A Request for Changes (RFC) is a structured proposal process used to introduce, discuss, and approve significant technical or architectural changes in a project or organization. The RFC process provides a transparent, reviewable, and documented path for evolving systems, APIs, or policies while ensuring stakeholder alignment and technical rigor.

RFC processes are commonly used in open-source projects, platform teams, and large engineering organizations to coordinate changes that affect multiple components, contributors, or external users.

Typical use cases include:

(1) Introducing new features or APIs (2) Changing architecture or core abstractions (3) Deprecating or removing existing functionality (4) Defining policies, conventions, or technical standards

The scope of an RFC process is generally project-wide or organization-wide and is applicable to any change that requires consensus, documentation, or long-term maintainability.

Core Concepts and Components

RFC Roles and Responsibilities

Component Description Typical Owner
Author Proposes the change and writes the RFC document Engineer or team proposing the change
Reviewer Provides technical feedback and evaluates the proposal Maintainers or domain experts
Maintainer Oversees the process and makes final decisions Core team or project leads
Stakeholders Affected teams or users who provide input Internal teams or community members

RFC Document Structure

While the exact structure varies by project, most RFCs contain the following sections:

Section Purpose
Summary Short description of the proposed change
Motivation Problem being solved and why the change is needed
Detailed Design Technical specification of the solution
Drawbacks Trade-offs and potential disadvantages
Alternatives Other approaches considered
Unresolved Questions Open issues requiring further discussion

Change Types Typically Requiring an RFC

This section lists common categories of changes that typically require an RFC. These changes usually have cross-team impact, long-term architectural consequences, or affect public interfaces.

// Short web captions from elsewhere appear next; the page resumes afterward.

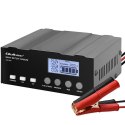 Qoltec Inteligentna mikroprocesorowa ładowarka 12A | 12V | 24V | Prostownik z funkcją naprawy do AGM GEL | LCD
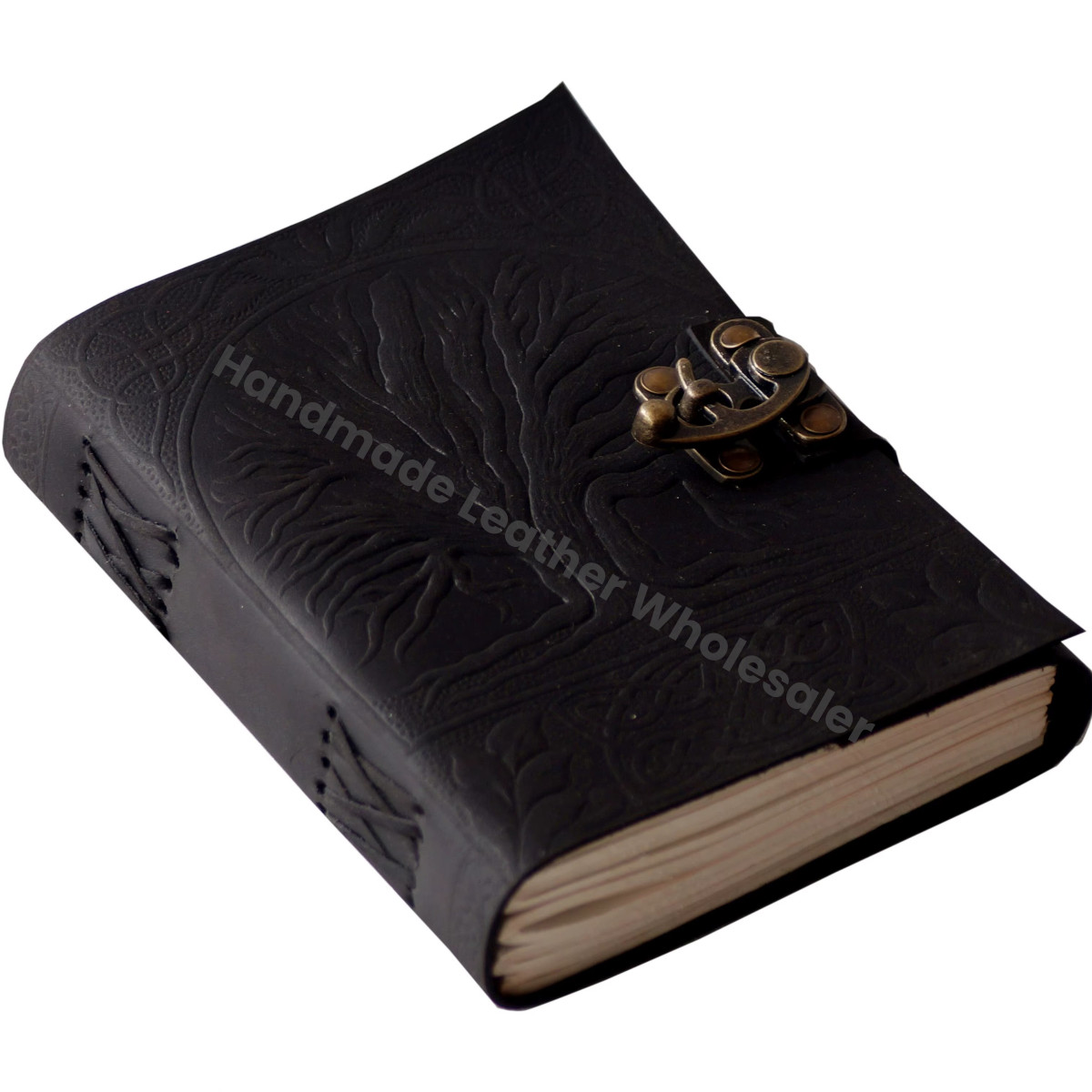 Tree Life Leather Vintage Grimoire Notebook Sketchbook Book Shadows Kraft Paper Vintage Cover Custom Classic Planner Spiral Gift
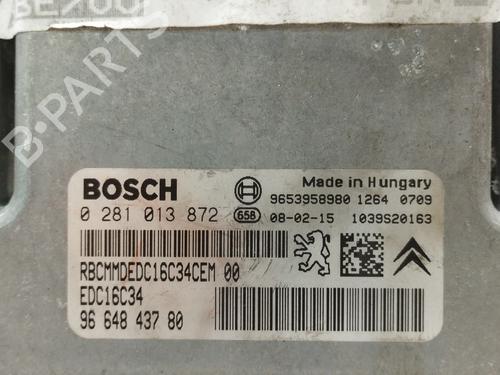 Engine control unit (ECU) PEUGEOT 207 SW (WK_) 1.6 HDi | BP29996094M57 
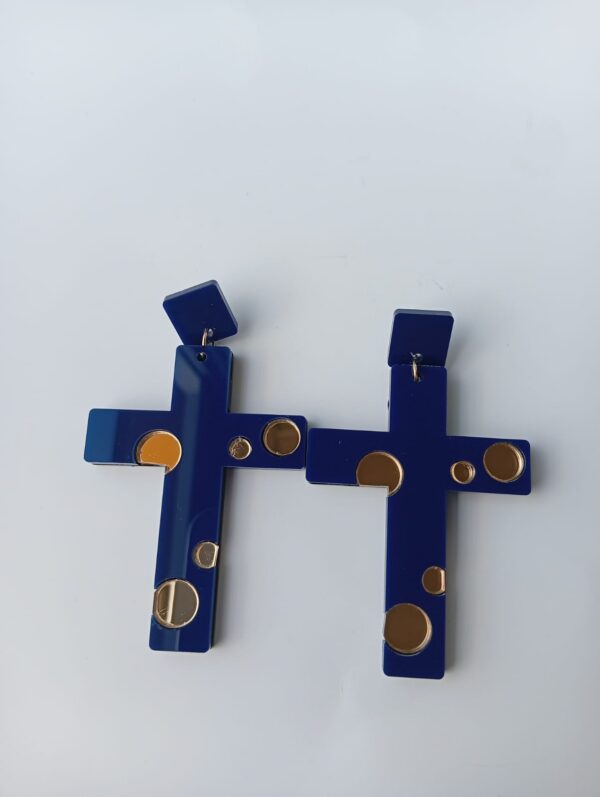 Cruz azul y oro 1 CRUZ LUNAR
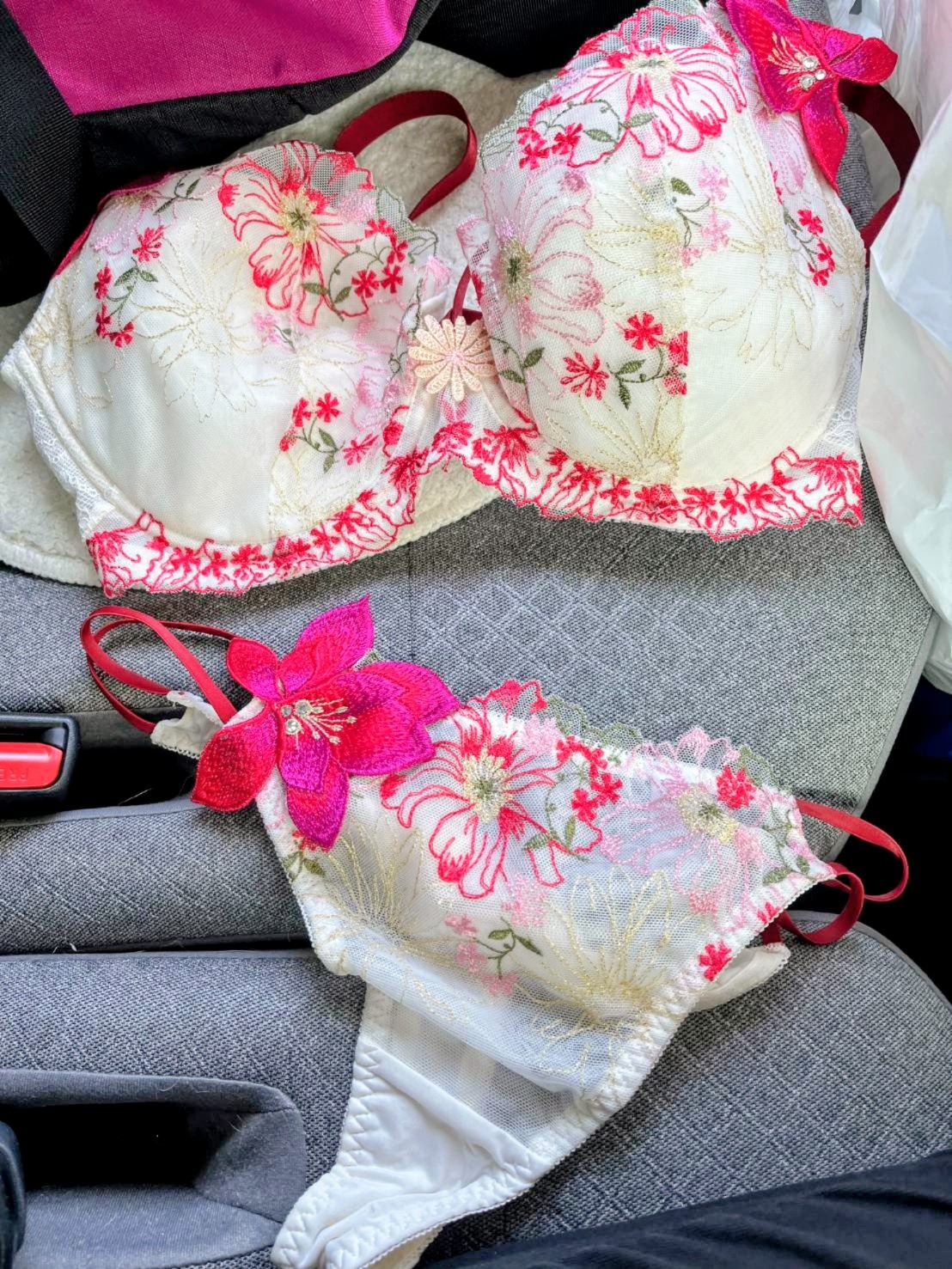 太っちょおばさんの新しい下着の画像その2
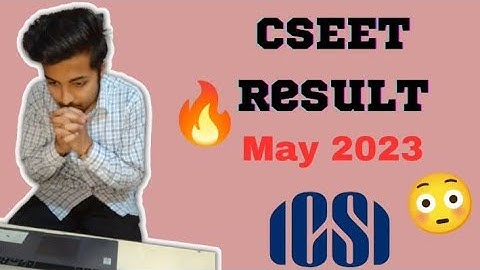 CS Result reaction video || CSEET Result May 2023 @CSCARTINDIA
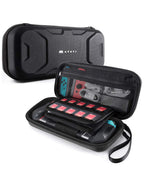 Mumba Funda de transporte para Nintendo Switch OLED y Nintendo Switch 1, [compatible con fundas protectoras] [versión extra] Funda protectora rígida de viaje para bolsa de mano para Blade/Battle/Funda protectora resistente (negro)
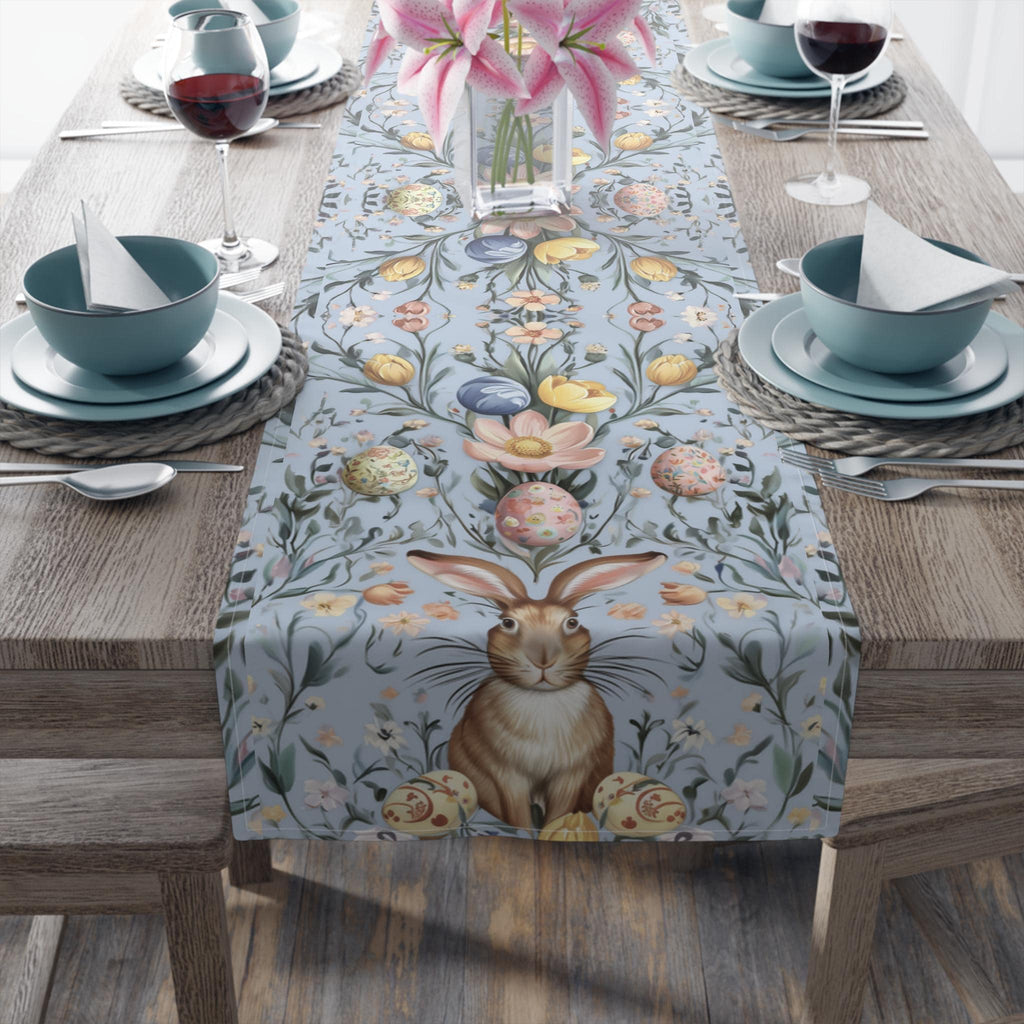 Botanical Easter Table Runner: William Morris Inspired Spring Decor for Dining Room and Kitchen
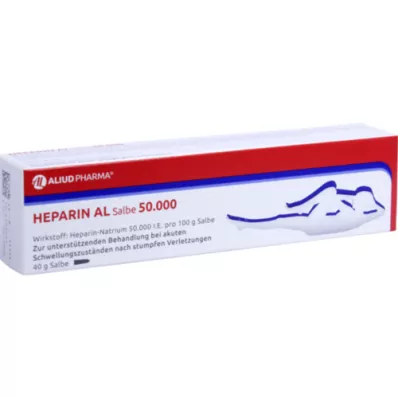 HEPARIN AL Zalf 50.000, 40 g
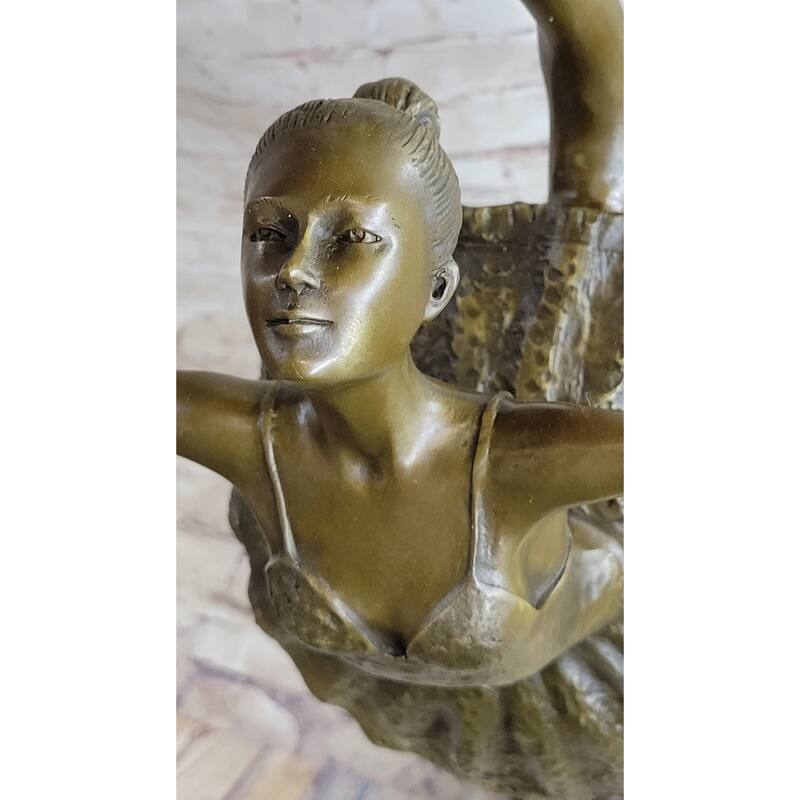 Extra Large Signed Original Clic Artwork Ballerina Bronze Sculpture Statue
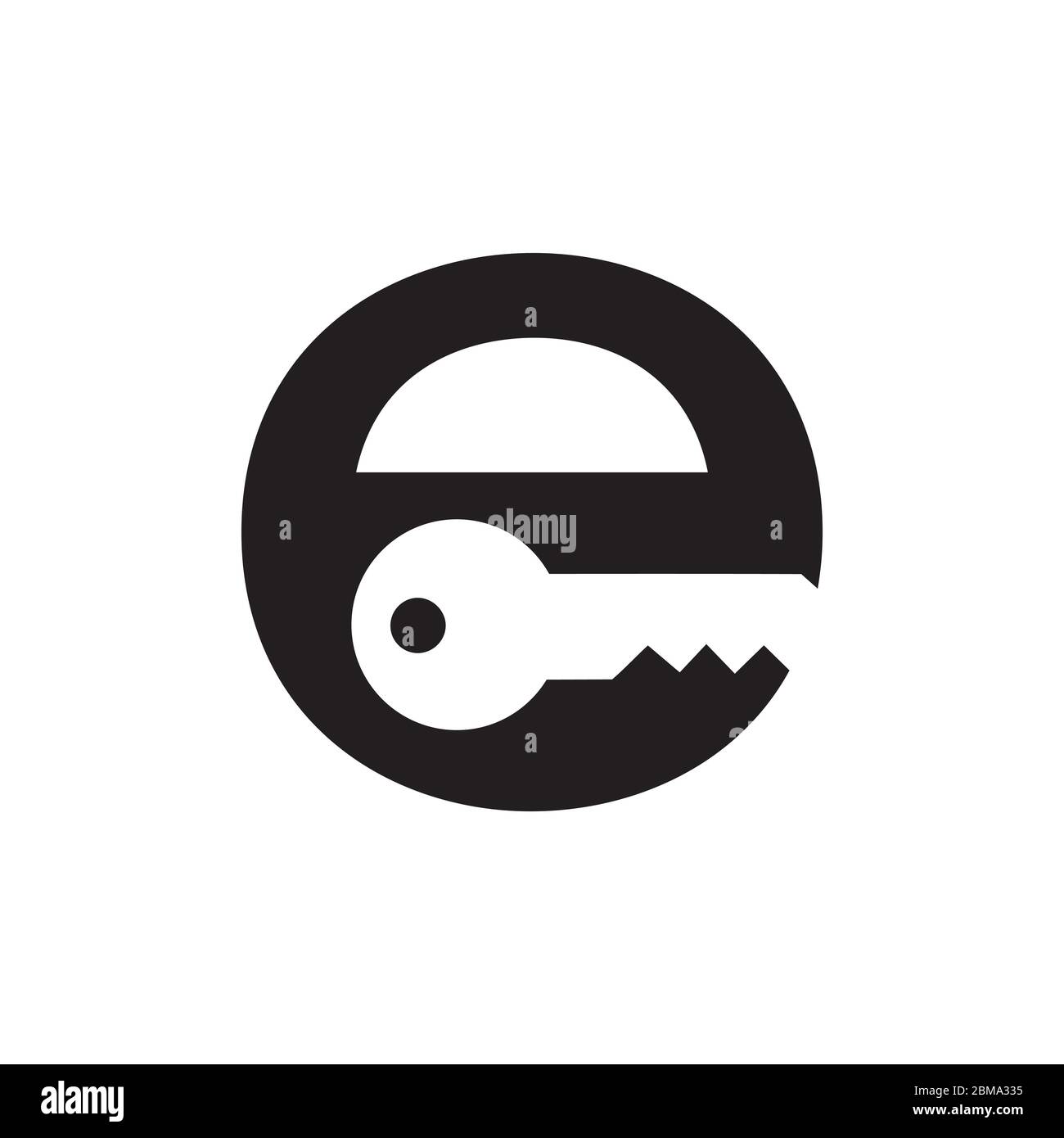 Concept de logo de la lettre E. Illustration de Vecteur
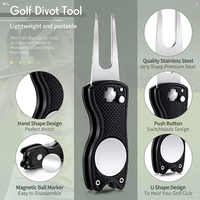 Outil de réparation de Divot de Golf rétractable en métal coloré avec Logo personnalisé de haute qualité avec fabricant de balles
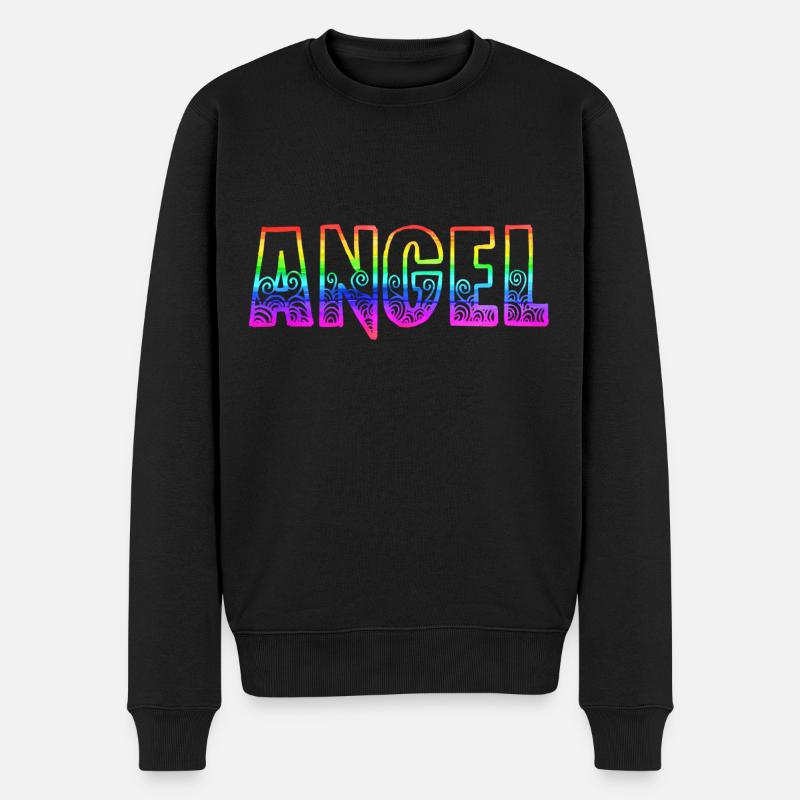 Angel RS Arc-en-ciel - Pull Premium bio Homme - noir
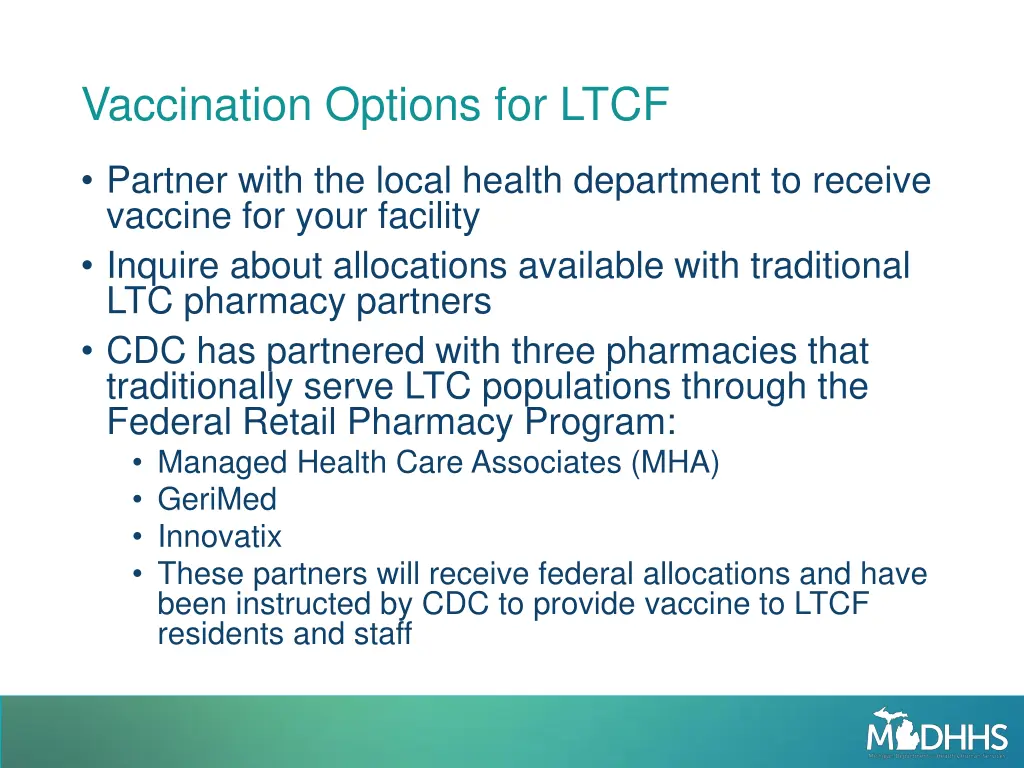 vaccination options for ltcf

Change Type Requires RFC Reason
Public API changes Yes Affects external users and compatibility
Core architecture modifications Yes Impacts multiple components
Tool or package promotion or replacement Yes Changes standard dependencies, workflows, or development conventions across teams
Internal refactoring Usually no Limited scope and low external impact
Bug fixes No Restores intended behavior
Experimental features Sometimes Depends on scope and stability goals

Execution Flow

The RFC workflow defines how a proposal moves from idea to accepted or rejected change. This flow is triggered when a contributor identifies a change that affects public interfaces, architecture, or project policies, and it results in a documented decision and implementation plan.

(1) Identify the need for a change

  • Author determines that the change is significant enough to require formal review.

(2) Draft the RFC document

  • Author prepares the proposal using the project’s RFC template.
  • The document includes motivation, design, and trade-offs.

(3) Submit the RFC for review

  • The proposal is opened as a pull request or similar review artifact.
  • Reviewers and stakeholders provide feedback.

(4) Discussion and iteration

  • Author updates the RFC based on comments and technical concerns.
  • Design alternatives may be explored.

(5) Decision by maintainers

  • Maintainers approve, request further changes, or reject the proposal.
  • The decision is documented in the RFC thread.

(6) Merge or close the RFC

  • Accepted RFCs are merged into the repository.
  • Rejected RFCs are closed with documented reasoning.

(7) Implementation phase

  • Author or assigned contributors implement the approved design.
  • Implementation typically references the accepted RFC.

Practical Usage Guidelines

When to Create an RFC

Use the RFC process when:

(1) The change modifies public APIs or protocols (2) Multiple teams or subsystems are affected (3) The decision has long-term architectural impact (4) The change introduces new abstractions or conventions (5) A standard tool or package is being promoted, replaced, or deprecated across the organization

Decision checkpoint: Is an RFC required?

If the impact of a change is unclear, perform the following checks:

(1) Determine whether the change affects public or shared interfaces.
(2) Evaluate whether rollback would be difficult after deployment.
(3) Check if multiple teams or components depend on the behavior.
(4) If any condition is true, create an RFC before implementation.

Author Responsibilities

(1) Clearly define the problem and motivation (2) Provide a technically feasible design (3) Document trade-offs and alternatives (4) Respond to reviewer feedback promptly

Author readiness checklist

Before submitting an RFC:

(1) Confirm the problem statement is precise and measurable.
(2) Ensure the design is implementable with current constraints.
(3) Document at least one alternative approach.
(4) Identify affected components and stakeholders.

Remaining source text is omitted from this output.